Diabetik makular ödem tedavisinde son yıllarda anti
VEGF ajanların kullanımı artmıştır. Anti VEGF tedaviler
ile başarılı sonuçlar elde edilmesine rağmen daha önce
inme öyküsü olan, koroner arter hastalığı olan hastalarda
anti VEGF ajanlardan kaçınılmaktadır. Ayrıca
bevacizumabın intravitreal kullanımının endikasyon dışı
olması, ranibizumabın maliyeti ve bu grup ilaçların
sistemik yan etki potansiyelleri de göz önünde
bulundurulduğunda DMÖ tedavisinde TA güvenilir bir
tedavi yöntemidir. Özellikle psödofakik hastalarda ve
sistemik yan etki potansiyeli olanlarda tercih edilebilir.

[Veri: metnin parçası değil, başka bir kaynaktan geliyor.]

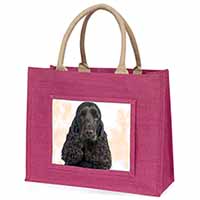 Black Cocker Spaniel Dog Large Pink Jute Shopping Bag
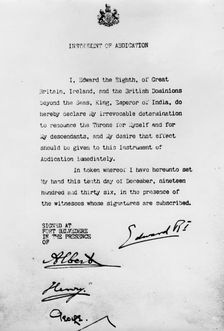 Instrument of Abdication, Fort Belvedere, 10th December 1936. Creator: Unknown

Sonuç olarak; LFK’a cevap vermeyen DMÖ’de,
intravitreal TA uygulamasının geçici bir süre için de olsa,
gerek anatomik, gerekse görsel düzelme sağlayan,
uygulaması kolay, maliyeti düşük, tekrarlanabilir ve
komplikasyonları kabul edilebilir düzeyde olan bir tedavi
yöntemi olduğu gözlenmiştir. Ancak esas patoloji tedavi
edilmediği sürece, DMÖ’nin bu yolla kısa süreli
kontrolünün uzun dönemli prognoza olumlu etki yapması
beklenmemelidir. Asıl tedavi her zaman diyabetin kontrol
altında tutulması ve kan şekeri regülasyonunun
sağlanması ve hastanın yaşam şeklini, hastalığı
doğrultusunda planlaması olması hatırlatılmalıdır.